La sera mi organizzo per andare in discoteca con: Betty, Melany, Paul, Christian e come può mancare Sam: la sanguisuga acida.
«Jacob vuoi venire a ballare stasera? Vengono tutti...» La sua risposta immediata, secca è «No!»  
Una risposta del genere me l'aspettavo. Sono tentata di chiedergli il motivo del suo umore insopportabile, che lo rende ancora: più schivo, riservato e scontroso del solito, ma non gli chiedo nulla, poiché non voglio che mi ringhi nuovamente un NO in faccia.
Prima di aprire la porta per andare in discoteca, rivolgo uno sguardo a Jake che fa un rabbioso segno di disapprovazione.
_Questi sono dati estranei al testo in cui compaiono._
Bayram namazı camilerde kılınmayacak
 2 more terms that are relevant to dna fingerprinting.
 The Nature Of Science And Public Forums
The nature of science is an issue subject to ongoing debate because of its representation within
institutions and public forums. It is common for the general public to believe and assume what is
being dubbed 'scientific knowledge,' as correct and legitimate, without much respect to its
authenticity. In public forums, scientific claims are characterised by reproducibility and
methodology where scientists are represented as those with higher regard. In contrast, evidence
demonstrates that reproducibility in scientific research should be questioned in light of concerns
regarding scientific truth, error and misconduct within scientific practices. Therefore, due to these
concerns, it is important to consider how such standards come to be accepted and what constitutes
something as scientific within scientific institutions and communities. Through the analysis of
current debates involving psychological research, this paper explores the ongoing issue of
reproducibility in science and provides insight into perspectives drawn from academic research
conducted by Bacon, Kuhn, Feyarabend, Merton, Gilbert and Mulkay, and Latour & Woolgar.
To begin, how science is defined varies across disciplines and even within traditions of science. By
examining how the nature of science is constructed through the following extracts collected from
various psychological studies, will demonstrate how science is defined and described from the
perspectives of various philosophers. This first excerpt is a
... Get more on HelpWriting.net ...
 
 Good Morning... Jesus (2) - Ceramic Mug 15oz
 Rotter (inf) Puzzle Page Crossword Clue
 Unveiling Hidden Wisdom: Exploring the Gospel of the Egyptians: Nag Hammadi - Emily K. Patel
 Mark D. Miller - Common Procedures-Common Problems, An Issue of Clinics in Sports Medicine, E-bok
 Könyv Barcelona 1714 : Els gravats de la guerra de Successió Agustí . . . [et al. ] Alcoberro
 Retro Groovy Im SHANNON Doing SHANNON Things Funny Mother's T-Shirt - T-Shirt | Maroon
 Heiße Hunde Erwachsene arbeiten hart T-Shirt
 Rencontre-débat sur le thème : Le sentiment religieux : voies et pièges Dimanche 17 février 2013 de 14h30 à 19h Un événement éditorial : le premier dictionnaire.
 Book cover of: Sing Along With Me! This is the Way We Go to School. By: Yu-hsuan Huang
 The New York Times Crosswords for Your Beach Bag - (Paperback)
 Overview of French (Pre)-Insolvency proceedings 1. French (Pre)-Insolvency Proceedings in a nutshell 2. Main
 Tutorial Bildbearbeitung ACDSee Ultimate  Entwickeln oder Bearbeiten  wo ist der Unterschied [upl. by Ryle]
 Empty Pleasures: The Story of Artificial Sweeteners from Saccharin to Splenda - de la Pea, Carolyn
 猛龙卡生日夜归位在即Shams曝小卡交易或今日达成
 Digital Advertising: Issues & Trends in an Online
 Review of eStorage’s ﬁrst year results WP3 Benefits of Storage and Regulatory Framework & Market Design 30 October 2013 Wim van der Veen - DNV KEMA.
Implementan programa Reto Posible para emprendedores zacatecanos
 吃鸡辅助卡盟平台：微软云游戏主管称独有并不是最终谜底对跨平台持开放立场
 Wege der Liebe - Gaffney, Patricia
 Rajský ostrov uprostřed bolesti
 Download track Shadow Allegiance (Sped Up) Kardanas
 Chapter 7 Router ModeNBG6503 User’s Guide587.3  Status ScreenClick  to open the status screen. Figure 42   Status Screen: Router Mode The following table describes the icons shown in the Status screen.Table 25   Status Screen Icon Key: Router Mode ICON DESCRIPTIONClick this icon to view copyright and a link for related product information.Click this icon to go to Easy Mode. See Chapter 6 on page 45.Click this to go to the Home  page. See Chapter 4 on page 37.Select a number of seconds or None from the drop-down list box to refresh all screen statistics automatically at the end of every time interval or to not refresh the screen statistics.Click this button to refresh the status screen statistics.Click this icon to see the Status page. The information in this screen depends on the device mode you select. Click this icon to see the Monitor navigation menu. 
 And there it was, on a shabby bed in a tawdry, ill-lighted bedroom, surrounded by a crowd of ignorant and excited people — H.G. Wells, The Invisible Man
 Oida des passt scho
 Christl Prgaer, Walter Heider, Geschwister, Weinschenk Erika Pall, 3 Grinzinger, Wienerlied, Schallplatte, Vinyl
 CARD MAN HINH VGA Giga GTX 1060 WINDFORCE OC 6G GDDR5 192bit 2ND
Allora lascio perdere definitivamente Jacob e l'intenzione di farlo divertire questa sera.
In macchina, Betty esclama «Tu non puoi venire, non sei maggiorenne!» Io rido e le confido «Si, è vero per la mia nazione, ossia l'Italia non sono maggiorenne. Ho sedici anni, ma sui documenti ne ho diciotto, in questo modo posso essere indipendente. Anche se qui in pratica posso fare di tutto con la mia vera età». Lei annuisce, tuttavia, dopo, sgrana gli occhi e sussurra «Hai dei documenti falsi?» Faccio su e giù con la testa in segno di approvazione e poi porto un dito sulle labbra in segno di silenzio.  

Il primo cocktail lo butto giù facilmente, mentre il bicchierino di rum mi fa già girare la testa.
Decido di alzarmi e andare verso la folla che si scatena. Mentre ballo, qualcuno mi afferra per un braccio e mi trascina in un angolino.
«James!» Non ci posso credere, che ci fa qui? 
«Si mia cara, vedo che il collo sta cicatrizzando... Ma passiamo agli ordini del capo: tu devi venire con me domani, al solito posto, alle dieci di sera. Non provare a fare la furba, altrimenti la prossima volta il tuo collo non potrà cicatrizzarsi a causa dell'assenza di sangue» detto ciò, volta le spalle e scompare tra la folla.
Ritorno dagli altri per non fare ulteriori incontri spiacevoli. Trovo tutti perfettamente ubriachi. Cerco di portarli in macchina, ma dopo vari tentativi mi arrendo perché c'è: chi ride e canta da una parte e chi ritorna dentro per bere un po' di vodka...
Chiamo a casa:
«Senti o vieni tu o Michael, qui tutti sono sbronzi, io non riesco a farli salire in macchina».
«Ok, vengo io» risponde scortesemente Jake.
«Vedi che sono tuoi fratelli, io li posso lasciare qui e andarmene, a me non cambia nulla!» Non so dove abbia preso il coraggio per dire queste parole al ragazzo che mi pietrifica e che ancora non ho capito se è un fatto buono o no. Non riesco a riflettere razionalmente, penso che sia colpa della lieve foschia che aleggia tra i miei neuroni a causa dell'alcool.
«Ok, ora non rompere però!» Risponde Jake prima di posare il telefono. 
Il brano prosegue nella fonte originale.